Overseas duty left 'Bonner' playing catch-up

December 09, 2017

Patrick 'Bonner' Maher weighs up his options

Patrick 'Bonner' Maher admits he wasn't at his best for Tipperary in this year's championship because of a six-month tour of duty with the Irish Army in Golan Heights.

The centre forward missed the entire Allianz League campaign and only rejoined Michael Ryan's squad a few weeks before Tipp's surprise Munster SHC first round defeat to Cork.

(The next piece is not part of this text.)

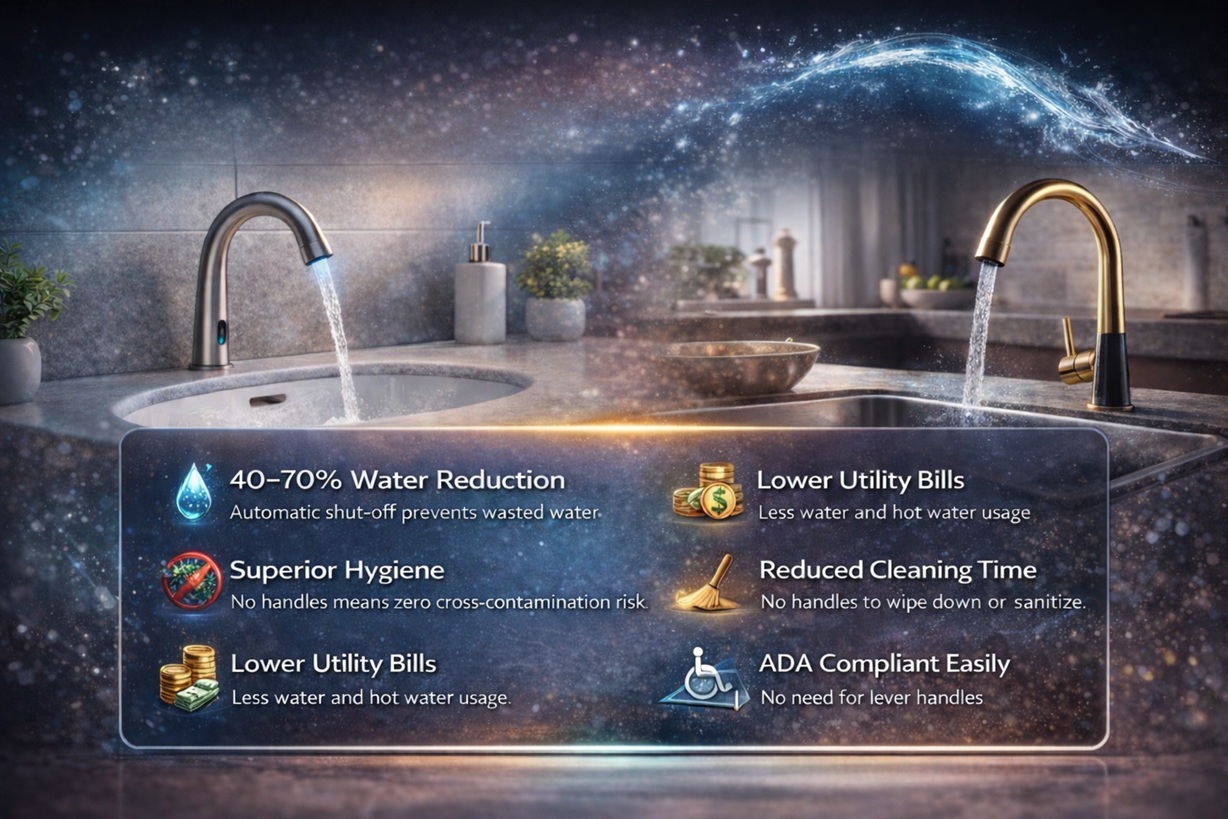 Hygiene benefits of touchless faucets showing reduced bacteria transmission compared to manual faucets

"It's hard to come back from [being overseas], I didn't come back full-time until May and while your fitness would be up to a certain level, your hurling, it obviously takes you a while to get back into it. And that would always be one thing that stands to me is the fitness, but the hurling is probably something I lacked this year," he told the Irish Times on the Pwc All Stars Tour in Singapore.

"From my own point of view, I was fairly disappointed with how the year went for me personally. You put an awful lot of demand on yourself to try and get up to that level, but it's hard when boys have five months on you from a hurling perspective. You're kind of catching up for the year."

Maher's time in the war-torn Golan Heights was a real eye-opener for him.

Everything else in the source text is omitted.